Intervention de Claude Malhuret

Réunion du 17 décembre 2019 à 14h30
Lutte contre les contenus haineux sur internet — Suite de la discussion en procédure accélérée et adoption d'une proposition de loi dans le texte de la commission modifié

Photo de Claude MalhuretClaude Malhuret :

Je réponds, d’une part, que c’est bien le juge qui reste l’arbitre en dernière instance, et, d’autre part, que c’est aujourd’hui que la censure existe, et elle est toute-puissante ! La censure, ce sont les milliers d’internautes qui n’osent plus s’exprimer sur les réseaux sociaux, qui ont résilié leur abonnement pour ne plus s’exposer aux attaques racistes, antisémites, homophobes, sexistes, menées sous forme de raids en bande organisée submergeant les pages individuelles à partir de fermes à trolls. C’est là qu’est le scandale ; c’est là qu’est la censure. Il est urgent de défendre les victimes, pas de protéger les plateformes.

Quatrième réflexion : certains objectent que ce texte risque de porter atteinte à la liberté d’expression.
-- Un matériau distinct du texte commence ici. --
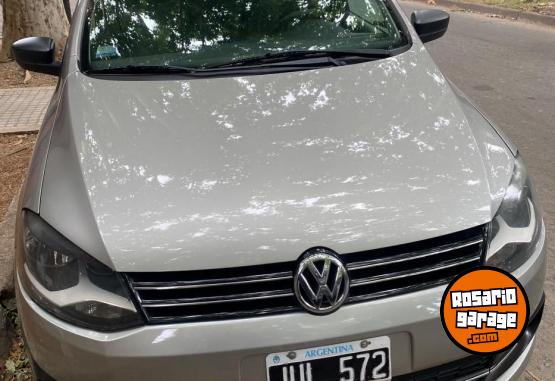 Autos - Volkswagen SURAN Confortline 2011 Nafta 152000Km - En Venta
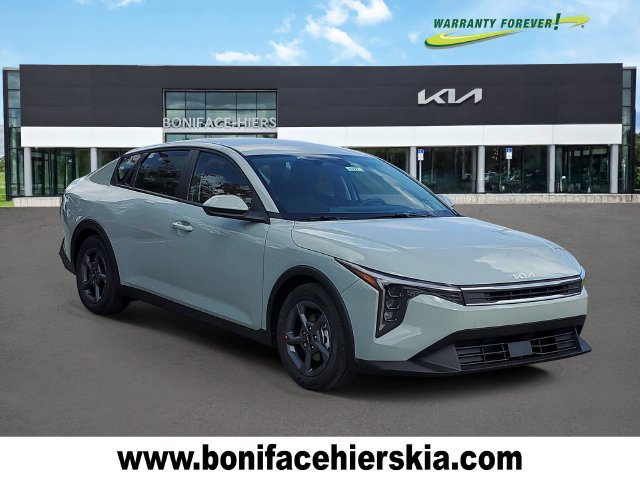 Used 2026 Kia K4 FWD image 1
Comment peut-on soutenir cette position, alors que le mécanisme va exactement dans le même sens que celui qui s’applique à la presse depuis 1881 ?

La loi précise que la presse n’a pas le droit de livrer de contenus haineux ou de diffamer. La presse se conforme depuis toujours à ces principes ; elle contrôle ses contenus et personne n’a jamais dit qu’on lui confiait le rôle du juge. Pourquoi y aurait-il deux poids deux mesures ?
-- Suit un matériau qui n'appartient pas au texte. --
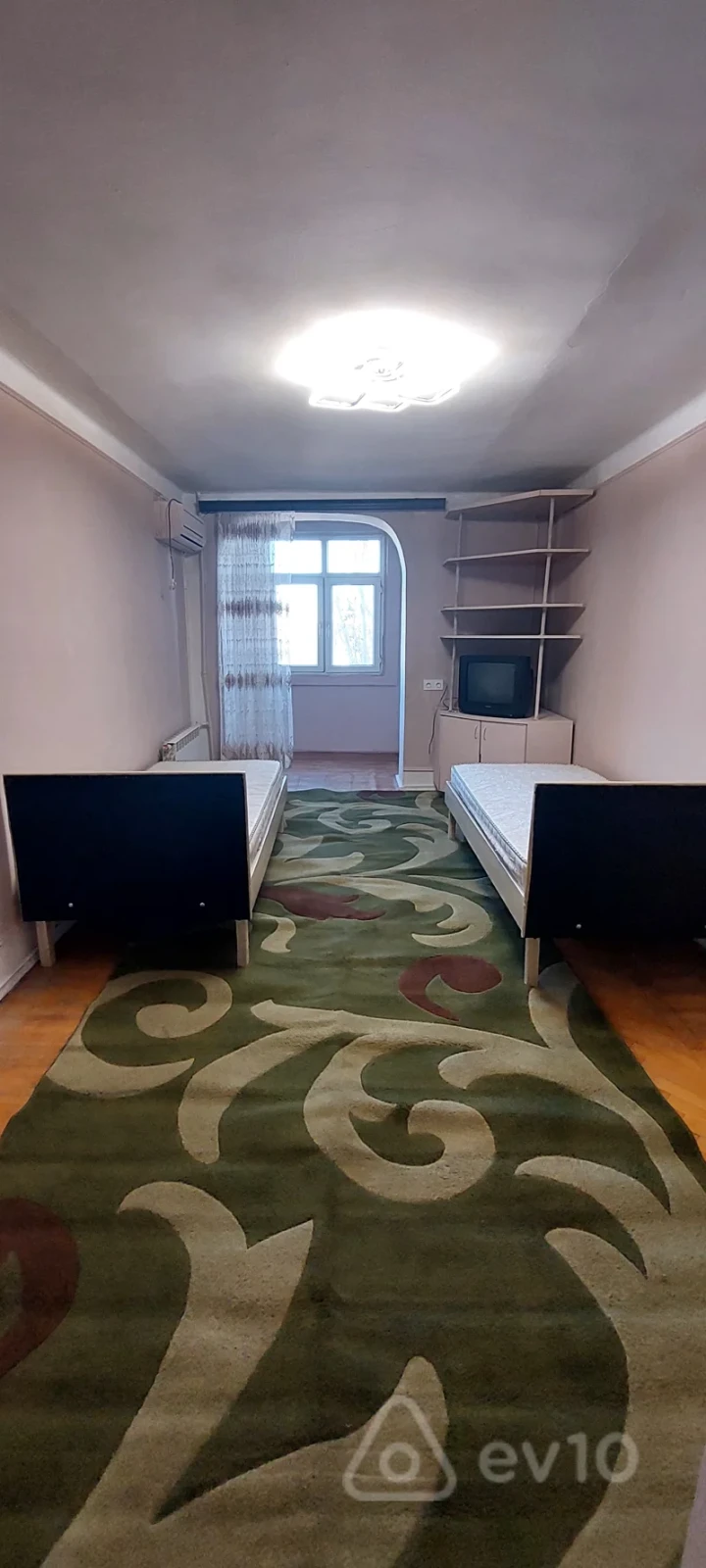 Kirayə verilir 2 otaqlı köhnə tikili 60 m²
L’erreur de raisonnement consiste à distinguer les éditeurs, c’est-à-dire la presse, et les hébergeurs, alors qu’ils ont un point commun : ce sont des diffuseurs. Or c’est la diffusion qui compte en la matière. De ce point de vue, plateformes et presse ont de toute évidence les mêmes responsabilités.

La liberté d’expression ne consiste pas à diffuser de la haine, des contenus violents, des appels au meurtre ou au viol ; elle ne consiste pas à empêcher les autres de s’exprimer par du harcèlement, des attaques massives ou des menaces. En confondant ces délits avec la liberté d’expression, ce sont, non pas les victimes, mais les agresseurs que l’on défend !

On nous dit, enfin, que la Commission européenne est hostile à ce texte. Elle est surtout hostile à ce qu’il révèle : elle n’a rien fait depuis des années !

La directive e-commerce date de 2000, à un moment où aucune des plateformes actuelles n’existait, ou presque. La présente proposition de loi va, évidemment, bien au-delà de cette directive, qui est d’un laxisme inimaginable, comme de nombreux textes européens dans ce domaine, gangrénés par les millions de dollars du lobbying des Gafam à Bruxelles.

Ce n’est que lorsque certains pays ont commencé à légiférer que la Commission européenne s’est réveillée sur le RGPD. Depuis que l’Allemagne a légiféré – bien plus durement que nous – et que la France commence à le faire, elle se réveille à propos des contenus haineux et, comme d’habitude, elle nous dit : « c’est notre affaire, pas la vôtre ! »

Je pense, pour ma part, que l’inaction passée n’est pas un gage d’efficacité future et que nous aurions tout à gagner à bousculer un peu la Commission européenne, plutôt que d’attendre qu’elle sorte de sa torpeur.

Je suis obligé de m’arrêter là, mais j’espère avoir fait comprendre mon point de vue favorable à cette proposition de loi, point de vue que je continuerai d’exprimer au cours de la discussion.